My program has a recursive funciton that takes an integer as input and prints n, n-1...1, 0, 0, 1 ...n

Here is the recursive function:

RDemo:
    
    addi $sp, $sp -4
    sw $ra, 0($sp)
    
    #print $a0
    li $v0, 1
    syscall
    
    addi $a0, $a0, -1
    bgezal $a0, RDemo
    addi $a0, $a0, 1
    li $v0, 1
    syscall
    
    lw $ra, 0($sp)
    addi $sp, $sp, 4
    jr $ra

the problem is that I need it to stop at 1, not 0.

For example, with an input of 3 it should output ( 3, 2, 1, 1, 2, 3) instead of (3, 2, 1, 0, 0, 1, 2, 3)

I am using the bgezal instruction ( branch if greater than or equal to 0 and link) because it is closest to what I need ( I need branch if grater than or equal to 1 and link).

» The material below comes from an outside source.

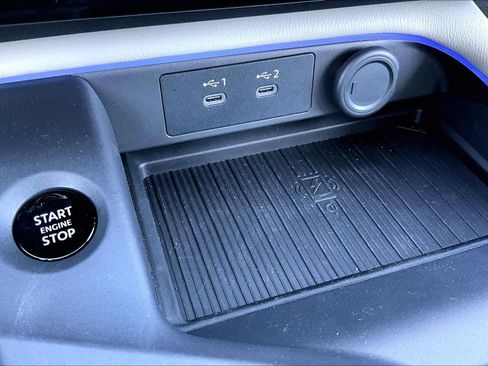 New 2026 Nissan Sentra SL image 18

As far as I can tell, there are only two MIPS branch and link instructions. begzal and bltzal (branch if less than 0 and link)

Is there a way I can accomplish what I want to without creating any other subroutines?


Solution

  • You can always use a normal blez over an unconditional bal (relative) or jal (section-absolute). Or offset your counter by one (into another register) in order to get something to branch on. Or in this case optimize your code into 2 loops instead of recursion, using no stack space instead of O(n) space.

    Unfortunately slt doesn't work directly with bgezal / bltzal. The both only check the sign bit, but slt generates a 0 or 1, both of which are non-negative.

    RDemo:
        addi $sp, $sp -4
        sw $ra, 0($sp)
        
        #print $a0
        li $v0, 1
        syscall
    
        addi $t0, $a0, -2       # tmp = n-2
        addi $a0, $a0, -1       # n--
        bgezal $t0, RDemo       # if (n-1 >= 0) RDemo(n);
             # returns with $a0 unchanged, custom calling convention
        addi $a0, $a0, 1
        li $v0, 1
        syscall
        
        lw $ra, 0($sp)
        addi $sp, $sp, 4
        jr $ra
    

    tmp = n-2 on the original n, instead of tmp = new_n - 1, has better instruction-level parallelism. A CPU able to run multiple instructions per cycle could run those both in parallel, since there's no RAW dependency between them.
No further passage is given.